Without including any pictures, write out the listing below exactly.

____

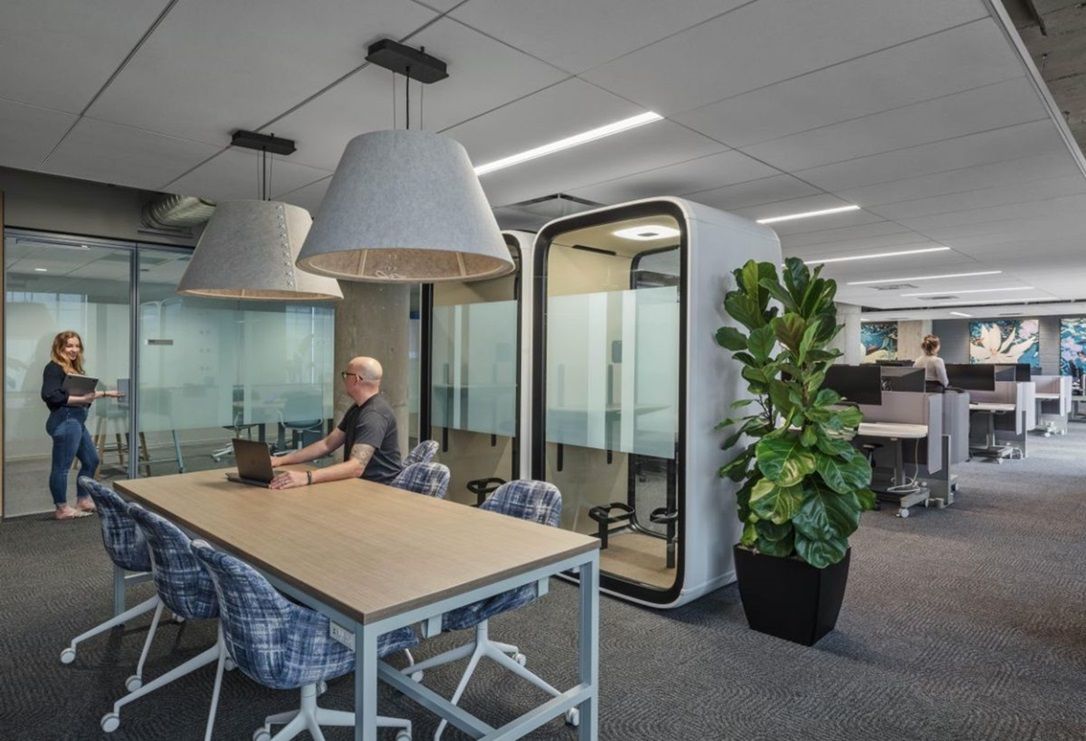 A man is sitting at a table in an office with a laptop.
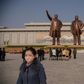 Pyongyang residents pay their respects at the giant bronze statues of Kim Il Sung and his son and successor Kim Jong Il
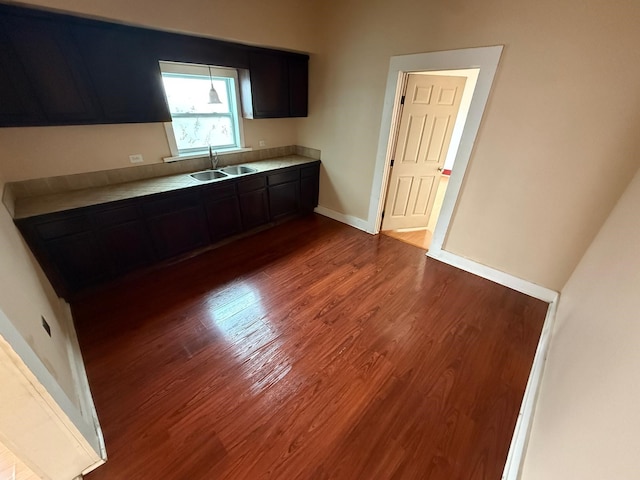 kitchen featuring light countertops, dark brown cabinetry, a sink, wood finished floors, and baseboards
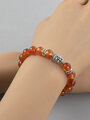 Elegantní náramek z 0,8 cm velkých korálků karneolu s kovovými ozdobami a korálek s hlavičkou Buddhy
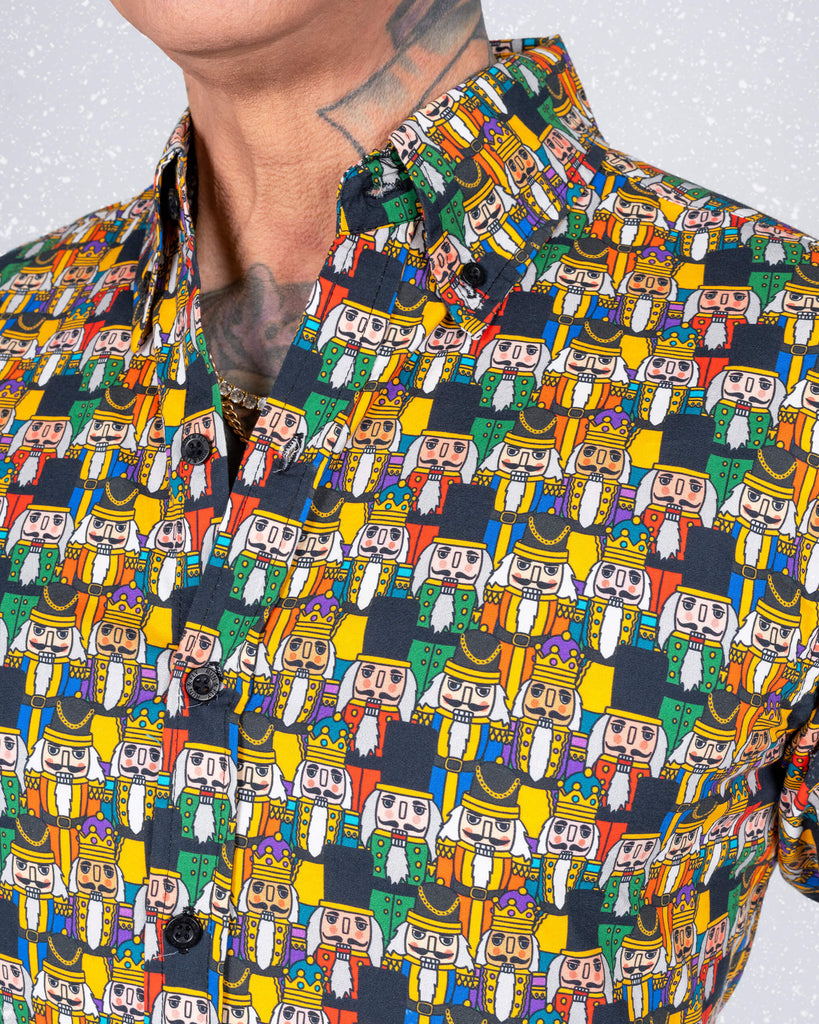 James showcases the front of the Nutcracker print shirt, highlighting its sharp collar and colourful design. The intricate Nutcracker characters stand out against the dark fabric, creating a festive and playful vibe.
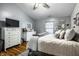 Stylish primary bedroom featuring neutral tones, decorative accents, and a large window at 106 W Delaware St, Fortville, IN 46040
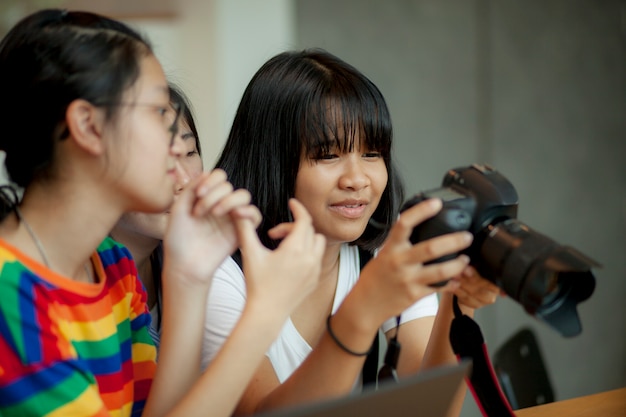 Азиатский подросток, глядя на задний экран камеры dslr в руке
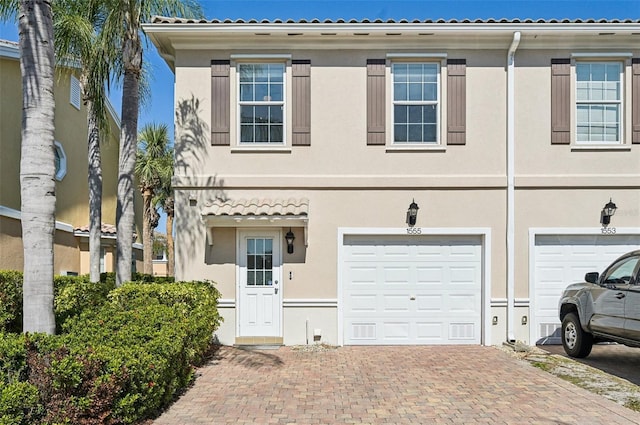 view of front of property with a garage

____

Exercise result:
 A man is sitting at a table in an office with a laptop.
 Pyongyang residents pay their respects at the giant bronze statues of Kim Il Sung and his son and successor Kim Jong Il
 kitchen featuring light countertops, dark brown cabinetry, a sink, wood finished floors, and baseboards
 Elegantní náramek z 0,8 cm velkých korálků karneolu s kovovými ozdobami a korálek s hlavičkou Buddhy
 James showcases the front of the Nutcracker print shirt, highlighting its sharp collar and colourful design. The intricate Nutcracker characters stand out against the dark fabric, creating a festive and playful vibe.
 Stylish primary bedroom featuring neutral tones, decorative accents, and a large window at 106 W Delaware St, Fortville, IN 46040
 Азиатский подросток, глядя на задний экран камеры dslr в руке
 view of front of property with a garage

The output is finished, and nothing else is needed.